Pendant les vingt premières années, de 1989 à 2009, se sont succédé à la tête de l’État chilien des gouvernements issus d’une alliance entre la Démocratie chrétienne, le Parti pour la démocratie (aile droite du PS), le Parti socialiste, la Concertacion por la Democracia, alliance née dans la campagne pour le non à Pinochet lors du plébiscite de 1980.

Cette alliance fut rejointe par le Parti communiste en 2013 pour la seconde élection de la socialiste Michelle Bachelet et ce jusqu’à la défaite électorale de 2017. La « Nouvelle majorité », le nom de la nouvelle alliance, devait s’éteindre après la défaite d’Alejandro Guiller, proche du Parti radical et franc-maçon, alors battu par Sébastián Piñera, le représentant de l’oligarchie chilienne et des milieux d’affaires internationaux.

C’est cette même année 2017 que le Frente Amplio, (le « Front large »), marque la situation politique nationale. Sa candidate, Beatriz Sánchez, en obtenant 20,27 % des suffrages à l’élection présidentielle, arrive juste derrière Alejandro Guillier. C’est dans un contexte de mobilisation croissante et d’usure de la Concertation pour la démocratie que cette nouvelle force politique – qui ne regroupe pas moins de quinze partis et mouvements de gauche, écologistes, féministes, autonomes, socialistes, libertaires – fait irruption sur la scène politique, et allait imposer son candidat à l’élection présidentielle quatre ans plus tard.

Juntis Podemos Más : première mosaïque

Malgré la mosaïque des partis, mouvements et groupes politiques à gauche, grâce à la mobilisation sociale, aux organisations sociales et syndicales, aux candidatures de la « société civile » et de ses associations, la politique chilienne a été marquée, depuis les années 2000, par des regroupements et des fronts électoraux qui dessinent une option ancrée dans le mouvement social et à vocation majoritaire. C’est cette aspiration unitaire pour un changement profond qui s’est exprimée dans la victoire de Gabriel Boric, le 19 décembre dernier.
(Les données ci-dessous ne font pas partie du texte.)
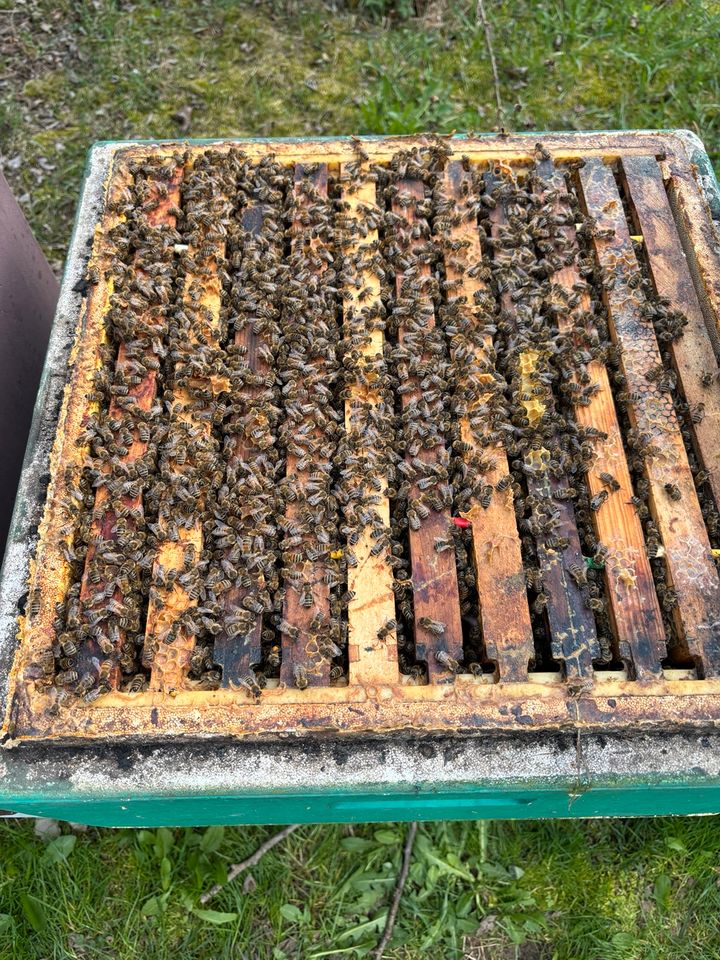 Bienenvolk Wirtschaftsvolk DNM Carnica in Zwoenitz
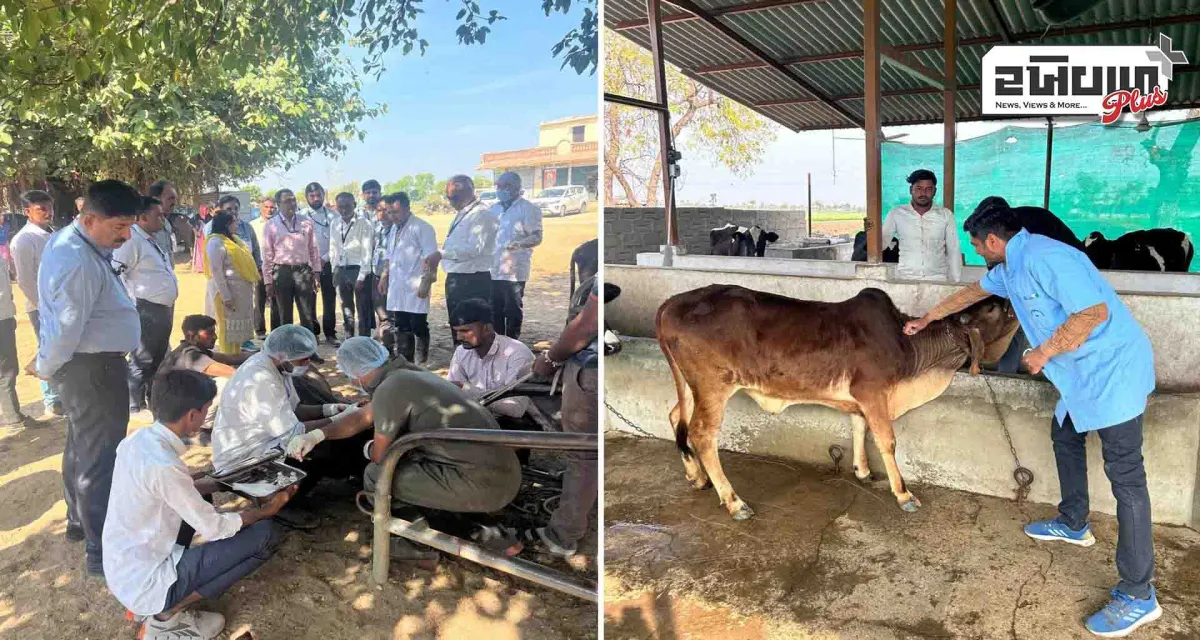 દોઢ મહિનામાં અંદાજે 24 લાખથી વધુ ગાય-ભેંસ વર્ગના પશુઓને ખરવા મોવાસા વિરોધી રસીકરણ કરાશે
Le Chili est un pays historiquement très politisé avec une présence de tout ce qui a pu ou peut exister comme partis, mouvements, syndicats, comités, associations sur la planète. Le Chili peut revendiquer un parti de masse socialiste, un parti de masse communiste, des organisations centristes ou révolutionnaires, un parti radical qui a eu historiquement une place prépondérante lors du Front populaire chilien de 1938 à 1941 (le troisième du monde), une Démocratie chrétienne puissante, des partis conservateurs, d’extrême droite, et dans l’actualité, une multitude de mouvements citoyens et autonomistes, partis, organisations écologistes, féministes, LGBT, de défense des peuples natifs…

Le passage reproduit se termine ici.